▶ **Instructions for the task**: Scan the records for the string "Vintage"; copy each line where it occurs.

(Dataset items)
--------------------------------------------------

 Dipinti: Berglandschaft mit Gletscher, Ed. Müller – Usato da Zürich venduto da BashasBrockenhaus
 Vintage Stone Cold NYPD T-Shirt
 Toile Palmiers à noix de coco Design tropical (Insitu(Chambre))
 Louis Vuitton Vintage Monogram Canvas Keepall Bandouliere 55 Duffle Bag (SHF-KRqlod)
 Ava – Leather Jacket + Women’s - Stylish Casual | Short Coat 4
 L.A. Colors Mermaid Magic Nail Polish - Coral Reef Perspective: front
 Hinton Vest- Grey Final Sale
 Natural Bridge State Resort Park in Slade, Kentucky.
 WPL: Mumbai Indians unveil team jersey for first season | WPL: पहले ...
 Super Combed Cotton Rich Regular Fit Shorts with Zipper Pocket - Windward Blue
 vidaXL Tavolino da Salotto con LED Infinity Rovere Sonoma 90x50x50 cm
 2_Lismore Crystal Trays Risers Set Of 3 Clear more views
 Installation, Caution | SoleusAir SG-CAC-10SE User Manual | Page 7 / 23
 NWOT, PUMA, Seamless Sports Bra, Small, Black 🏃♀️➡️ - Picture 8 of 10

--------------------------------------------------

▶ **Exercise solution**:
 Vintage Stone Cold NYPD T-Shirt
 Louis Vuitton Vintage Monogram Canvas Keepall Bandouliere 55 Duffle Bag (SHF-KRqlod)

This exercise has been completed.